Differential Privacy for the Analyst via Private Equilibrium Computation

Differential Privacy for the Analyst via Private Equilibrium Computation

We give new mechanisms for answering exponentially many queries from multiple analysts on a private database, while protecting differential privacy both for the individuals in the database and for the analysts. That is, our mechanism’s answer to each query is nearly insensitive to changes in the queries asked by other analysts. Our mechanism is the first to offer differential privacy on the joint distribution over analysts’ answers, providing privacy for data analysts even if the other data analysts collude or register multiple accounts. In some settings, we are able to achieve nearly optimal error rates (even compared to mechanisms which do not offer analyst privacy), and we are able to extend our techniques to handle non-linear queries. Our analysis is based on a novel view of the private query-release problem as a two-player zero-sum game, which may be of independent interest.


💡 Research Summary

The paper introduces a novel notion of “analyst privacy” within the differential privacy framework and provides mechanisms that simultaneously protect the privacy of individuals in a database and the privacy of the analysts who issue queries. Traditional differential privacy focuses solely on safeguarding the data subjects, assuming that the queries themselves are public or that analysts do not need protection. In many real‑world scenarios—such as multiple companies querying a shared data repository or researchers collaborating across institutions—analysts may wish to keep their query sets confidential, either to protect proprietary research directions or to prevent adversarial inference about their interests. The authors formalize this requirement by demanding that the distribution over answers be (ε,δ)‑differentially private not only with respect to changes in the underlying database but also with respect to changes in the set of queries submitted by any single analyst. In other words, the answer to any query should be nearly insensitive to the presence or absence of other analysts’ queries, even if those analysts collude or create multiple accounts.

To achieve this, the authors recast the private query‑release problem as a two‑player zero‑sum game. One player, the “Database Owner,” controls the private data and seeks to answer queries as accurately as possible while respecting a global privacy budget. The other player, the “Querier,” represents the collection of analysts and aims to extract useful information while minimizing the leakage of its own query pattern to the opponent. The equilibrium of this game corresponds to a state where neither side can improve its objective without violating the privacy constraints. The authors call such a state a “private equilibrium.”

The core technical contribution is an algorithm that approximates this private equilibrium using a privacy‑preserving version of Lagrangian descent combined with a minimax optimization loop. The algorithm proceeds in rounds. In each round a “query cover” is constructed: a small set of representative queries that approximates the entire query space, thereby reducing computational complexity. Then, carefully calibrated noise (derived from the privacy budget ε) is injected directly into the game’s payoff function rather than added post‑hoc to each answer. This noise ensures that the cumulative privacy loss across rounds remains bounded by the desired (ε,δ) guarantee. The Lagrangian multiplier updates correspond to the Database Owner adjusting its answers, while the Querier updates its strategy to select queries that are most informative under the current noise‑perturbed payoff. The iterative process converges to an approximate private equilibrium.

A key insight is that the noise is allocated uniformly across the game’s rounds, which allows the mechanism to answer an exponential number of queries while keeping the per‑query error on the order of O(1/√n), matching the optimal rates of standard differentially private query‑release mechanisms that do not protect analyst privacy. Moreover, the framework naturally extends to non‑linear queries (e.g., functions involving square roots, logarithms, or other Lipschitz‑continuous transformations). By bounding the Lipschitz constant of the query function, the authors can compute an appropriate sensitivity and incorporate it into the payoff function, preserving both data and analyst privacy.

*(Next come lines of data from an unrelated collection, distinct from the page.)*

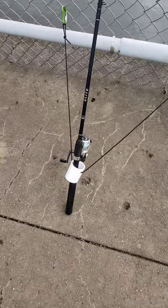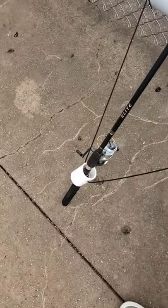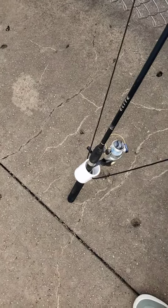Then clip the other clip onto the fence, set your drag kind of tight, and then it ends up looking like this. So when the fish bites, he can't pull your pole over. It just kind of holds it up against the fence.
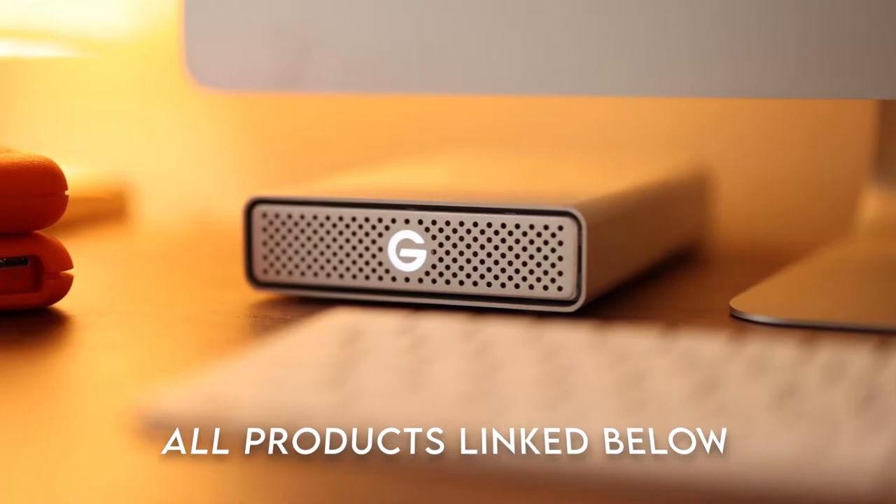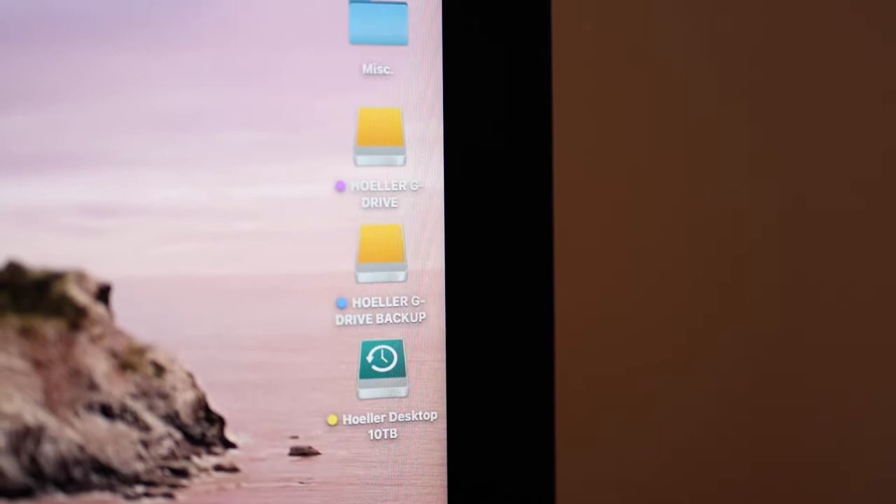The hard drives I'm using to back up my photos are the six-terabyte G-Drives. Currently I have two of those — one is the main one which I work off of, and the second one is a backup. I also have a Western Digital Elements 10-terabyte that I sometimes put my work on.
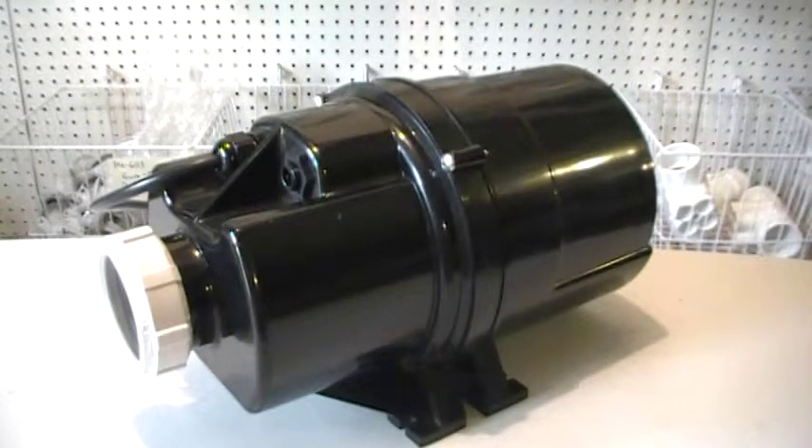Hey folks, AJ here from WhirlpoolTubParts.net making another video on the hard-to-find Hydrabath Blower HB1P-399 — it's the Air Force Blower. It also has a part number 701584. We have it here exclusively at WhirlpoolTubParts.net. Click on the link below to order this blower for your spa.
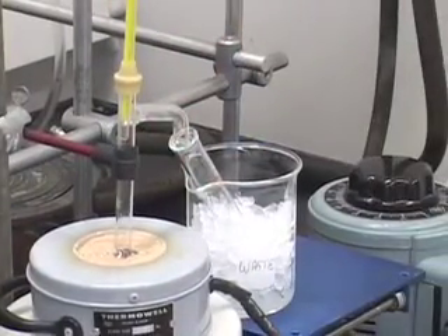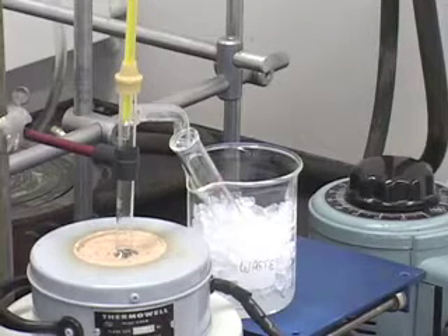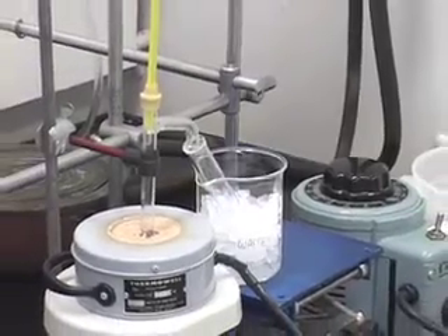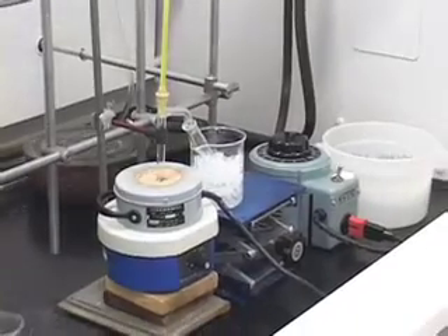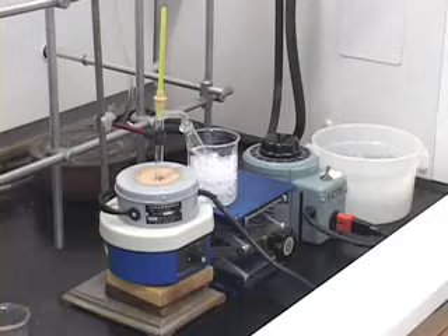After collecting the liquid in the reaction tube, we are going to do the workup. We used another chemical in this experiment — xylene — as a chaser solvent. So when do we add the chaser solvent?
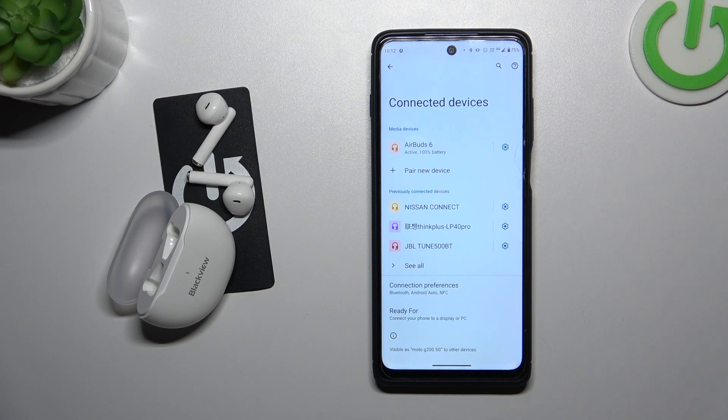Hello, in front of me I've got Blackview AirBuds 6. In this video I'll show you how to disconnect them from an Android smartphone.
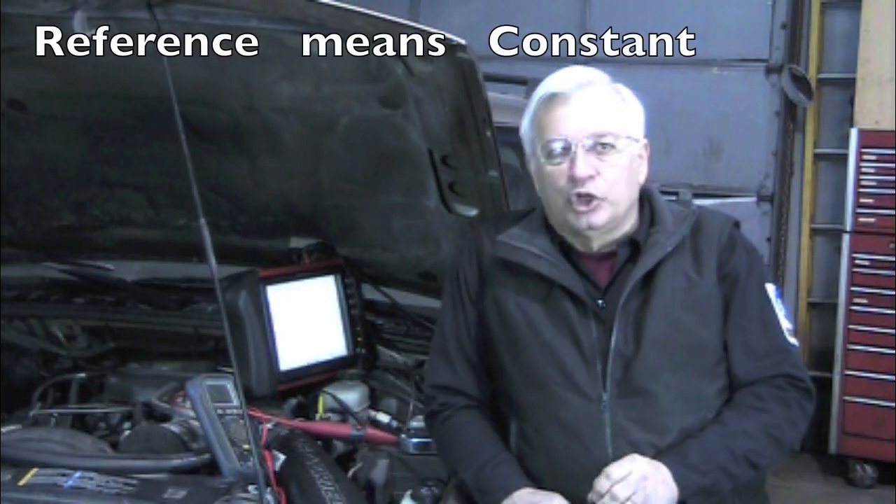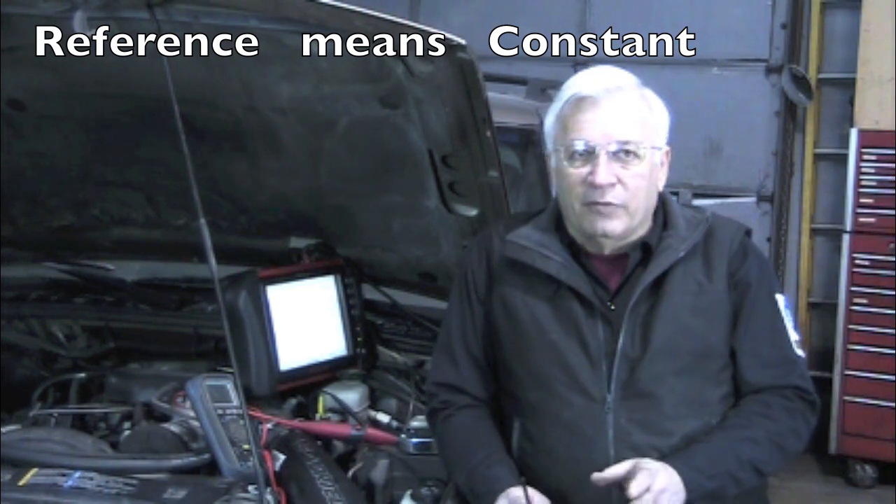Now before we go any further, remember this: the term reference voltage usually means 5 volts, or at least some amount of voltage that is constant.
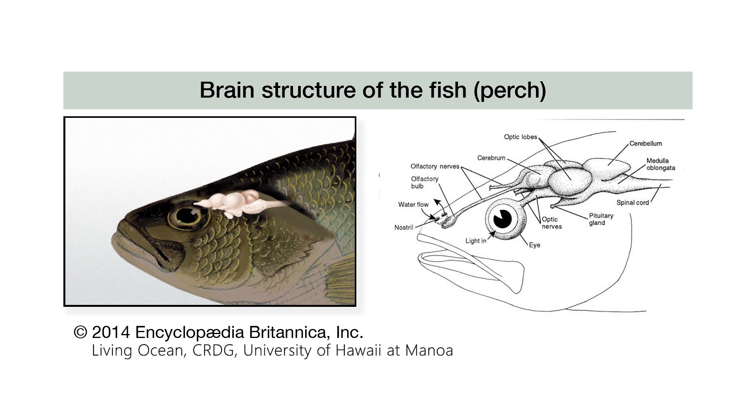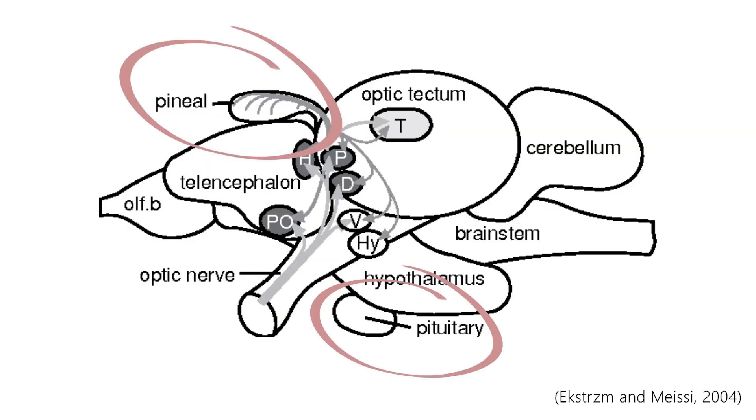The brain is composed of major regions. As we proceed with the dissection, you can see these regions as swellings. The major regions obvious in fish brain include the cerebrum, the optic lobe, and cerebellum. There are also smaller outgrowths, such as the pineal and the pituitary. The pineal can be difficult to locate and can easily be destroyed on dissection, while the pituitary is relatively easy to find.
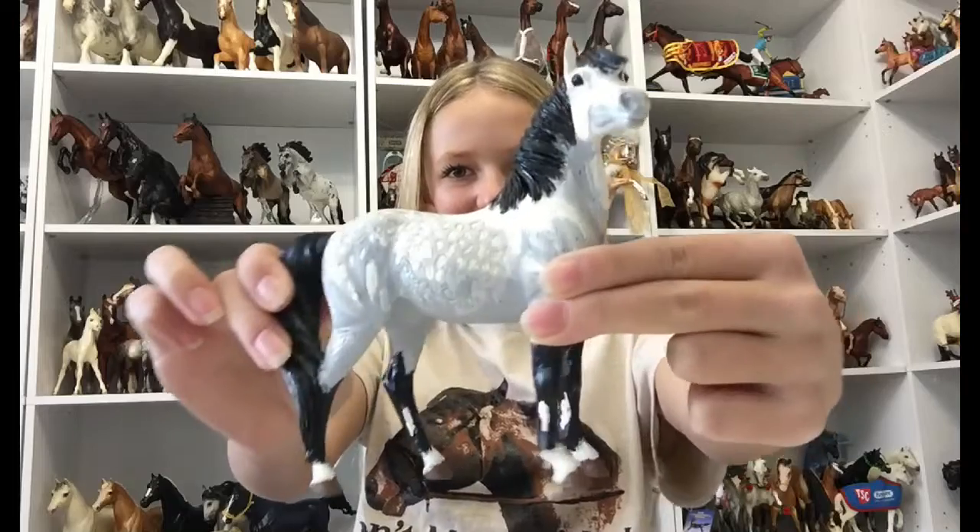Hey guys, hope you liked the 3D paint by number Briar. Here's how she turned out.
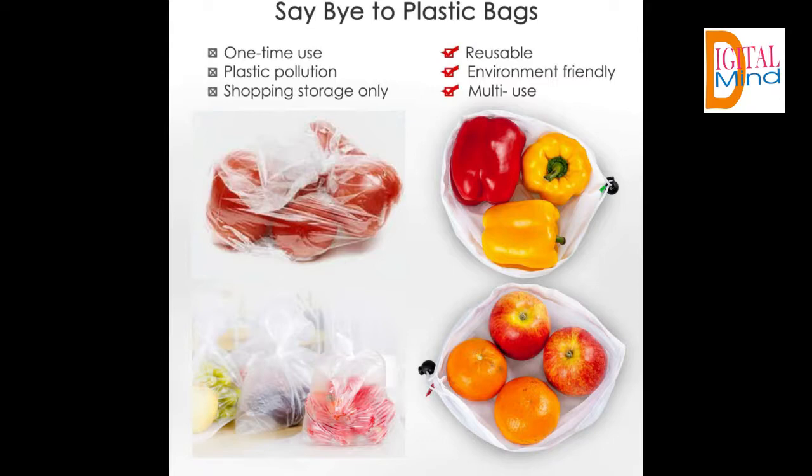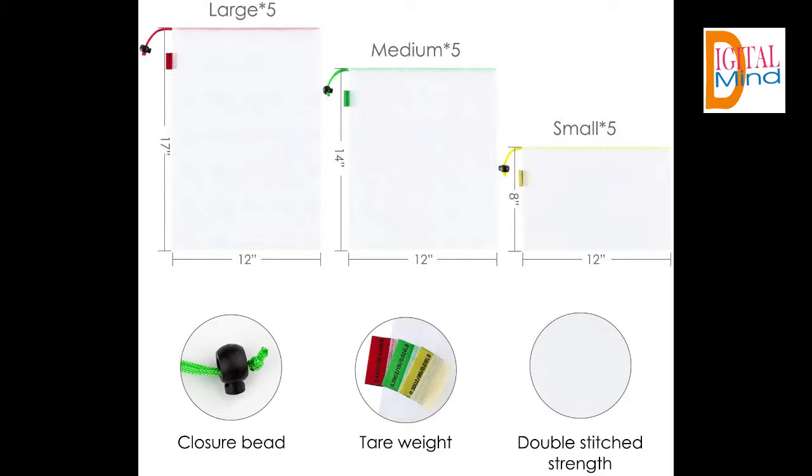Easy to clean — just rinse it with water or wash them with the rest of your laundry, then they are good to go again. No problem.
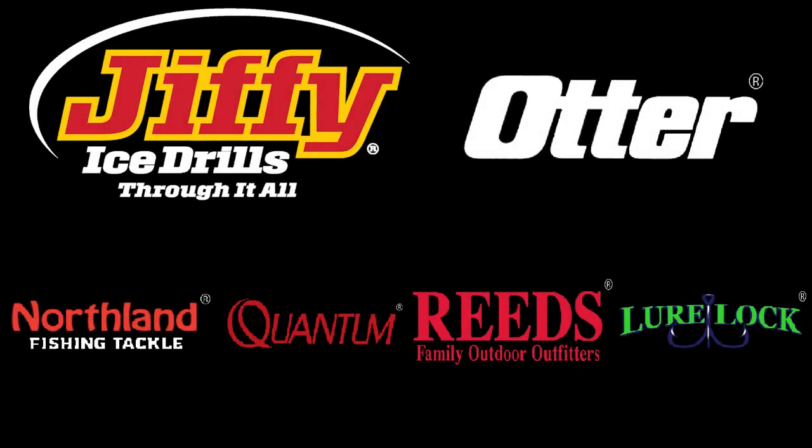Hello, everyone. Before we get started with the regular program, I'd like to take a moment to thank my sponsors: Jiffy Ice Augers, Otter Outdoors, Reed's Sporting Goods, Northland Fishing Tackle, Quantum Fishing, and Lure Lock.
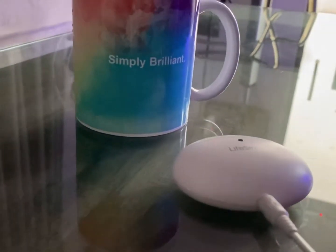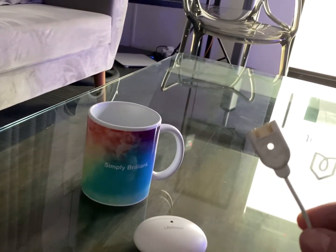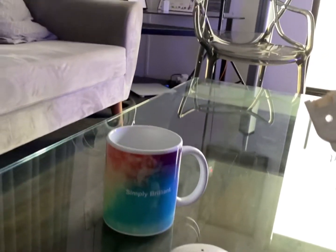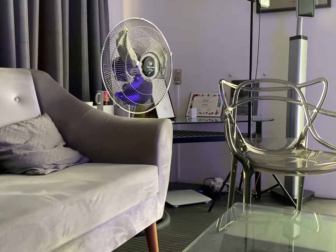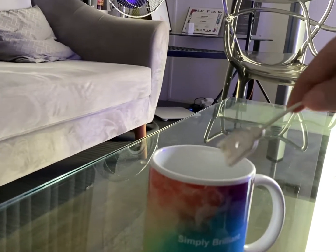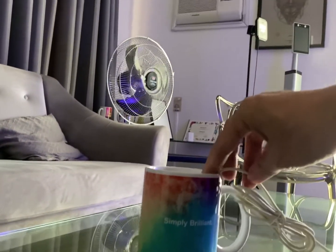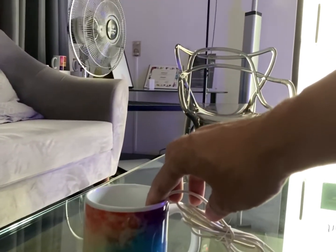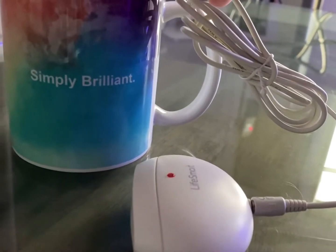This is the Lifesmart water sensor. When this sensor gets wet, we can trigger different things. For example, imagine that electric fan over there as a pump — when this sensor gets wet, the electric fan will automatically turn on. As you can see, the red light is blinking.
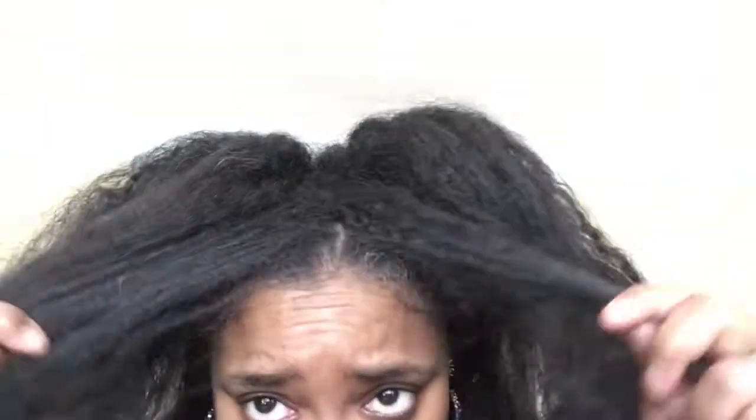As you all know, I had been wearing my hair in a bun at night, like a high knot, just so that I can keep it stretched. And this actually helps to keep the wash day process relatively simple. The hair is still relatively stretched.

The authors validate their approach experimentally on synthetic data and several public datasets (including UCI Adult and MNIST). They evaluate three settings: (i) a single analyst, (ii) multiple independent analysts, and (iii) multiple analysts that collude or use multiple accounts to infer each other’s query sets. Across all settings, the mechanism achieves error rates statistically indistinguishable from state‑of‑the‑art differentially private mechanisms that ignore analyst privacy. Importantly, the probability that an adversarial analyst can correctly guess whether a particular query was asked by another analyst drops exponentially with ε, confirming the analyst‑privacy guarantee. Even under coordinated attacks, the overall system remains (ε,δ)‑differentially private.

Finally, the paper outlines future directions: extending the framework to dynamic, streaming query environments where the equilibrium must be updated in real time; exploring richer game structures such as multi‑stage negotiations or hierarchical analyst coalitions; and optimizing the allocation of the privacy budget to balance utility and computational cost. By framing private query release as a game and introducing private equilibrium computation, the work opens a new avenue for designing mechanisms that protect both data subjects and the analysts who query them, achieving near‑optimal accuracy while offering robust, composable privacy guarantees.